European Investment Bank to provide loan worth 52.5 million euros for Moldovan Railway
14:12 | 26.09.2016 Category: Economic
Chisinau, 26 September /MOLDPRES/- The Moldovan Railway state-owned enterprise (CFM) will benefit from a loan amounting to 52.5 million euros from the European Investment Bank (EIB).
Transport and Road Infrastructure Minister Iurie Chirinciuc and Head of EIB Representation to Moldova at European Investment Bank Antonio Castillo signed a financing agreement on the matter in Chisinau today.
Under the document, the financial means are meant to modernize the enterprise’s infrastructure, as well as to purchase a consignment of locomotives, which will be used for transporting passengers and goods abroad.
Funding is amounting to 110 million euros, out of which 52.5 million euros are offered by the European Bank for Reconstruction and Development (EBRD) and respectively, 52.5 million by EIB. The EBRD like the EIB earmarks 27.5 million for purchasing locomotives, and 25 million – for infrastructure.
Chirinciuc noted that reform project of the railway had been launched in 2014, and that of its total amount, 5 million euros were offered as grant on behalf of EIB.
“The CFM is currently facing major financial problems related to payment of salaries to employees, as well as to old infrastructure of the enterprise.
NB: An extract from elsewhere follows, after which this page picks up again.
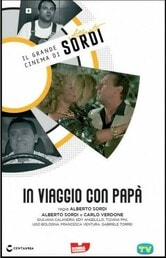 In viaggio con papà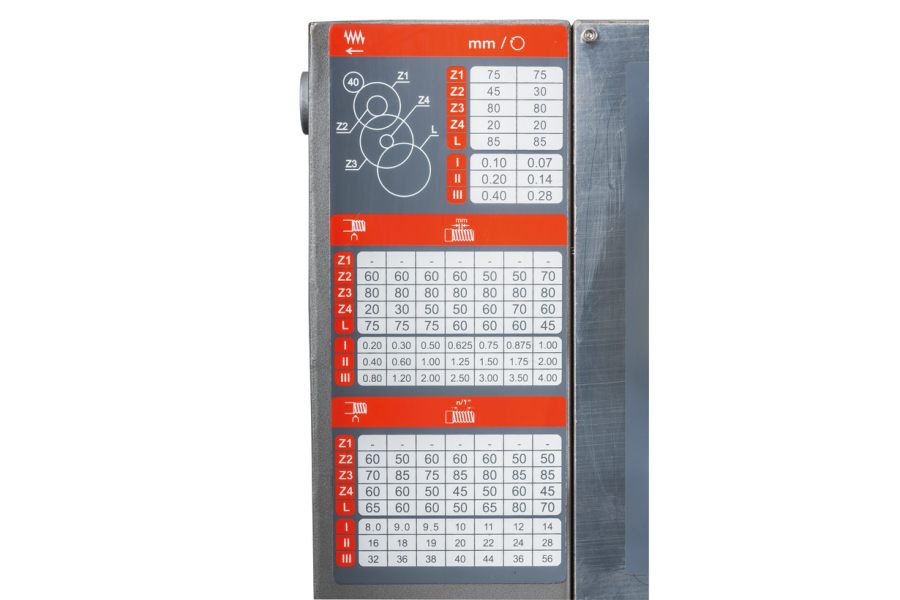 Станок токарный JET BD-11GDMA - фото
Mostly, this situation is determined by decrease by 37 per cent in exports of goods to Russia, because of the armed conflict in Ukraine,” he said.
Castillo said that “the purpose of financing CFM is to provide maximum financial support for reorganizing and restructuring rail transport in Moldova, which will offer the possibility to implement European standards within the institution.”
“The next stage of the project sees organizing tender for procuring 15 locomotives, to this end, it is scheduled to use 50 per cent of loan, other 50 per cent of sources are to be spent for modernizing infrastructure,” CFM director Iurie Topala said.
The EIB credit is provided for a 15-year period with a 1.5-per cent interest rate.